Faculty of Science, School of Statistics & Actuarial Science, MSC Dissertation / This thesis follows a direction of research that deals with the theoretical foundations
of stochastic differential equations on manifolds and a geometric analysis of the
fundamental equations in nonlinear filtering theory. We examine the importance of modern differential geometry in developing an invariant theory of stochastic processes
on manifolds, which allow us to extend current filtering techniques to an important
class of manifolds. Furthermore, these tools provide us with greater insight to the
infinite-dimensional nonlinear filtering problem. In particular, we apply our geometric analysis to the so called unnormalized conditional density approach expounded by M.
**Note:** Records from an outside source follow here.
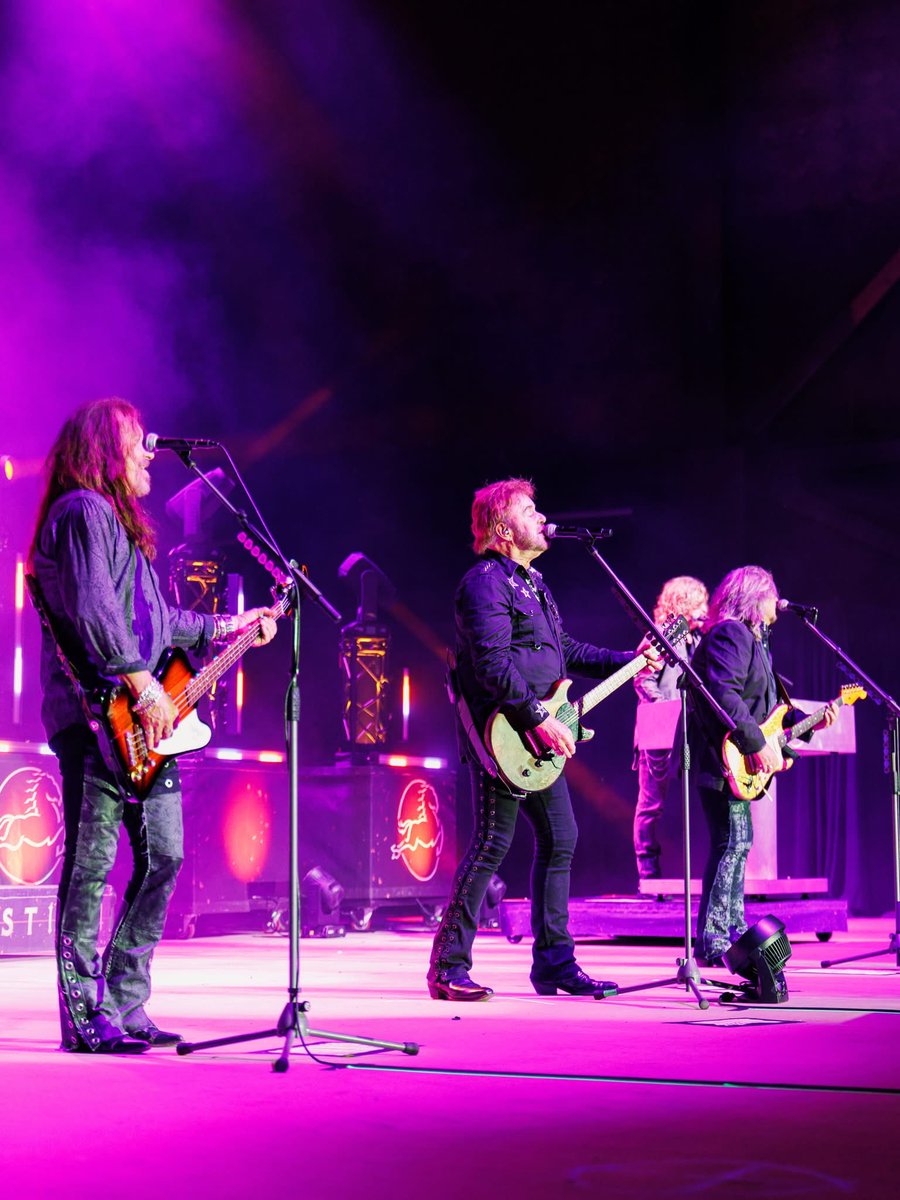 38SpecialMedia's tweet photo. Shoutout to for these amazing photos of our show at the @mercedesbenzamp 🤘

#38Special #LegacyTour https://t.co/BxLY5i5Ymi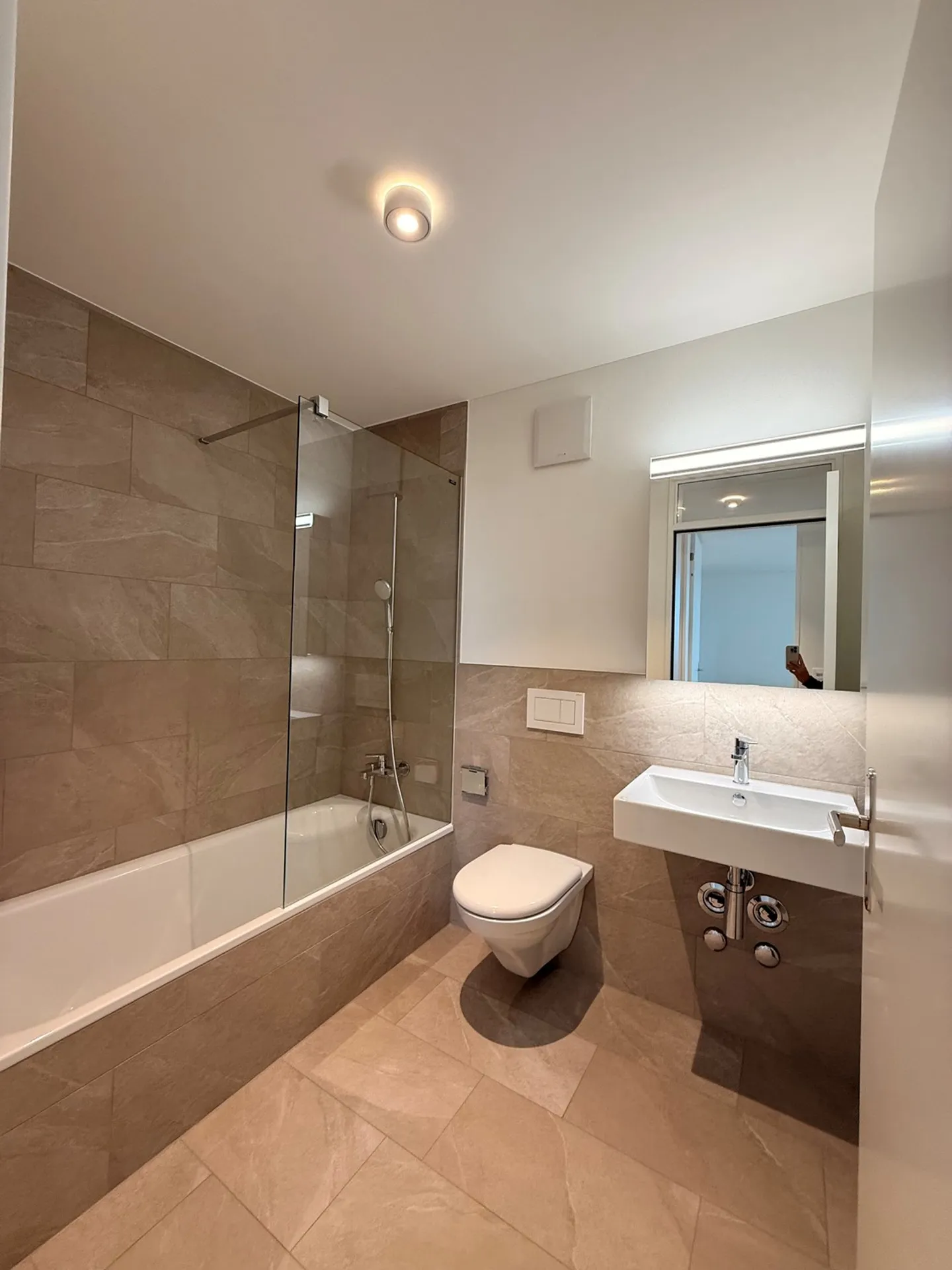 Appartement moderne 3.5 pièces - Photo 4 sur 6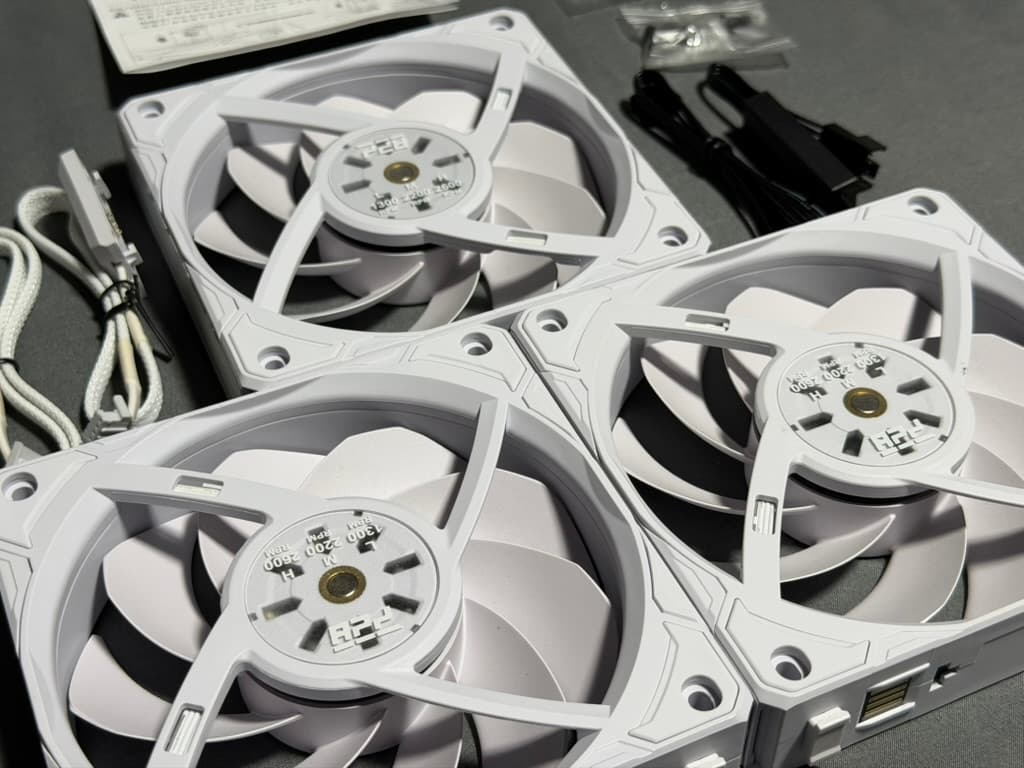 UNI FAN Lian Li P28 Triple Pack - White (UF-P28120-3W)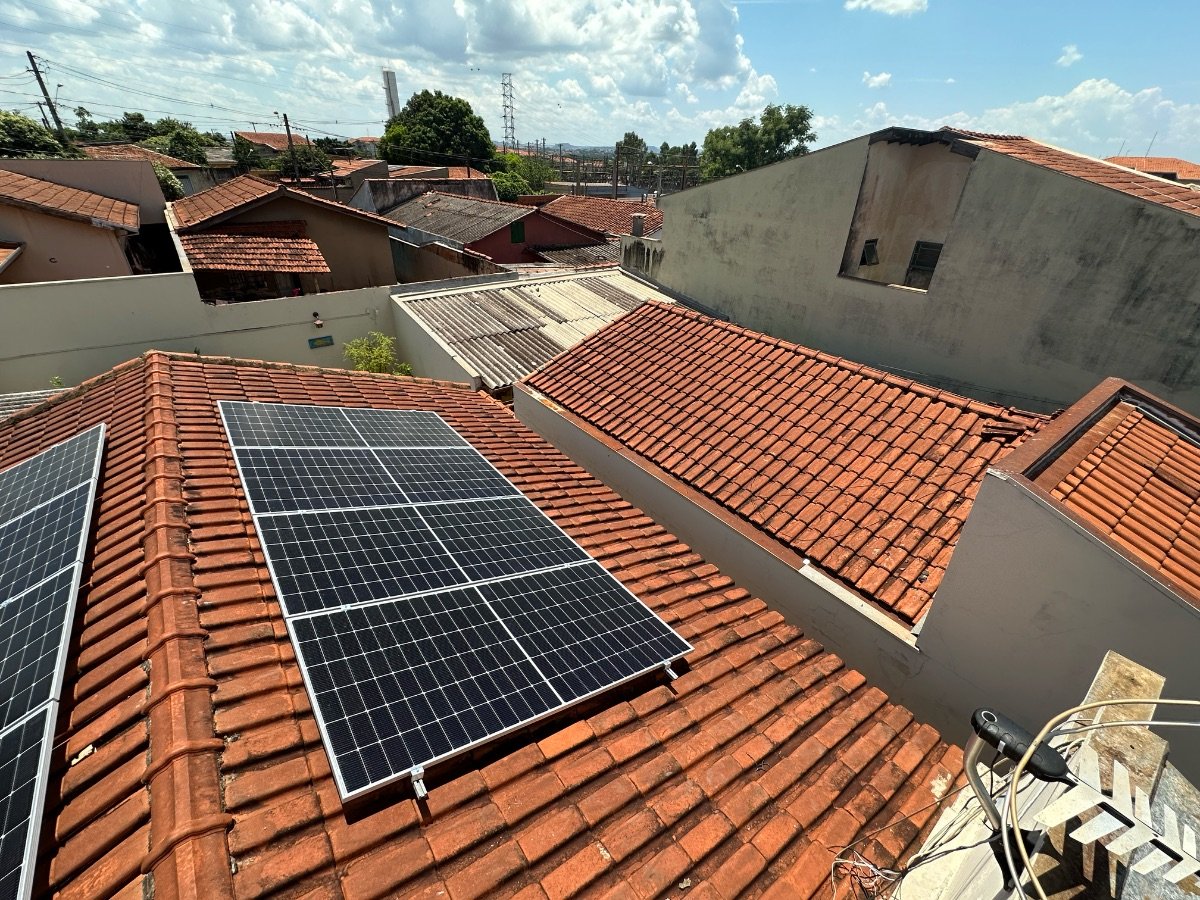 Limpeza de painéis solares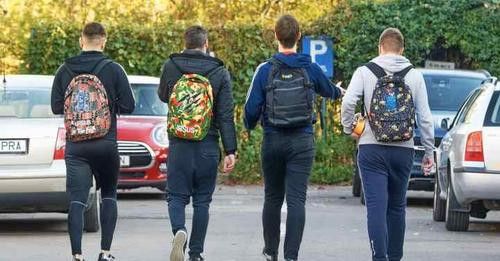 2670892413975345524?url=https%3A%2F%2Fwww.kulturjam.it%2Fwp content%2Fuploads%2Fi giovani occidental.jpg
Zakai. We exploit the geometric setting to study the geometric and algebraic properties
of the Zakai equation, which is a linear stochastic partial differential equation.
In particular, we investigate the use of Lie algebras and group invariance techniques
for dimension analysis and for the reduction of the Zakai equation. Finally, we utilize simulation to demonstrate the superiority of the Zakai equation over the extended
Kalman filter for a passive radar tracking problem.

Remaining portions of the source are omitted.